→ Data supplied
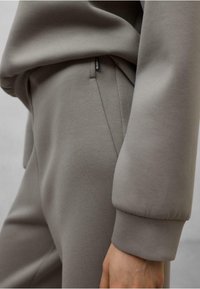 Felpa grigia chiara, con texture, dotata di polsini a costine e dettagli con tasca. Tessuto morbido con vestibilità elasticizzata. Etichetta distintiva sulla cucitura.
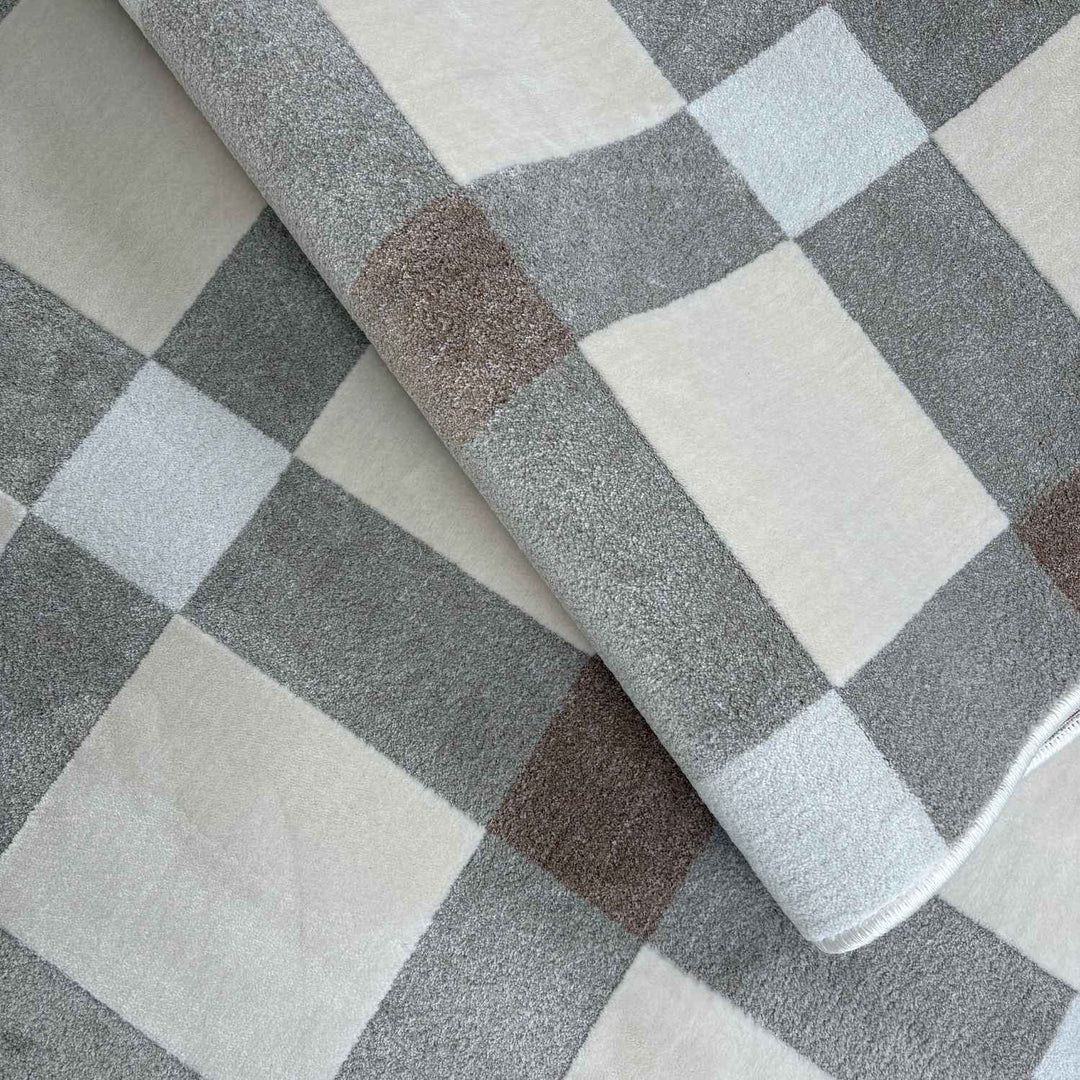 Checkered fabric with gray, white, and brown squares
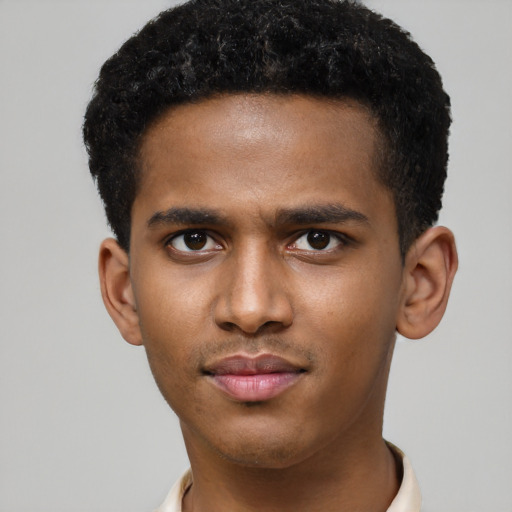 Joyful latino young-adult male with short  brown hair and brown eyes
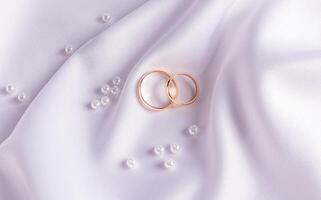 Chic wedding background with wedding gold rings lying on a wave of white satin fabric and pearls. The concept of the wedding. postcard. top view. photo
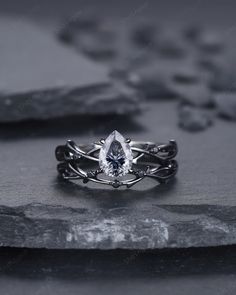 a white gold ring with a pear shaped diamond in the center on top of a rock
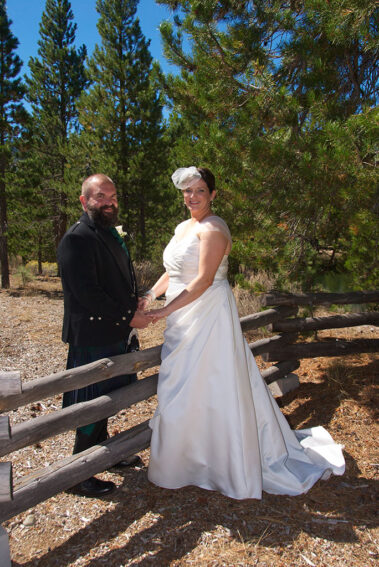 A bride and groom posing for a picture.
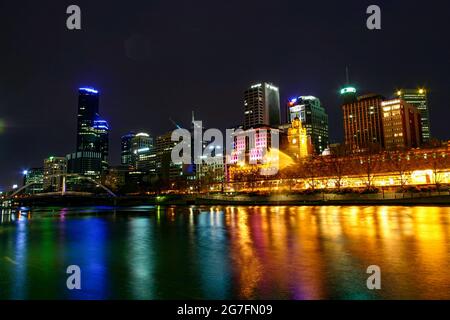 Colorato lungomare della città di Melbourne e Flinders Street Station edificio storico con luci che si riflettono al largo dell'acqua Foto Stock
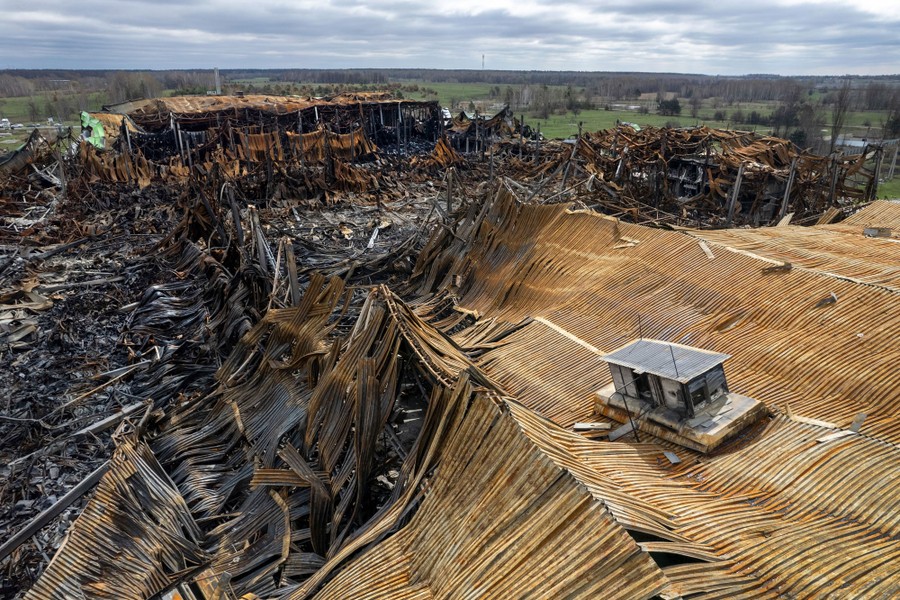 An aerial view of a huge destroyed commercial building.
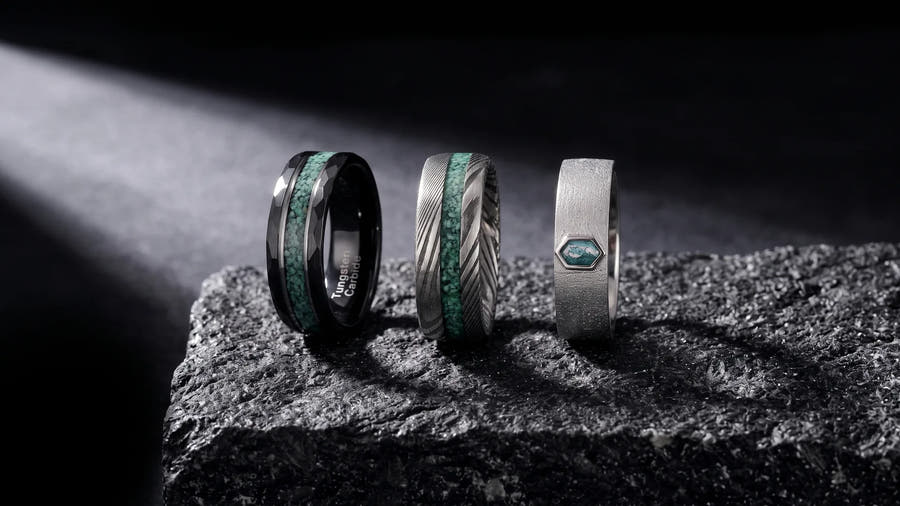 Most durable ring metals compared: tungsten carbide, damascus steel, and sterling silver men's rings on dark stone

→ Exercise goal
Please set down every record exactly as it appears, leaving out the pictures.

→ Solution for this exercise
 Felpa grigia chiara, con texture, dotata di polsini a costine e dettagli con tasca. Tessuto morbido con vestibilità elasticizzata. Etichetta distintiva sulla cucitura.
 Checkered fabric with gray, white, and brown squares
 Joyful latino young-adult male with short  brown hair and brown eyes
 Chic wedding background with wedding gold rings lying on a wave of white satin fabric and pearls. The concept of the wedding. postcard. top view. photo
 a white gold ring with a pear shaped diamond in the center on top of a rock
 A bride and groom posing for a picture.
 Colorato lungomare della città di Melbourne e Flinders Street Station edificio storico con luci che si riflettono al largo dell'acqua Foto Stock
 An aerial view of a huge destroyed commercial building.
 Most durable ring metals compared: tungsten carbide, damascus steel, and sterling silver men's rings on dark stone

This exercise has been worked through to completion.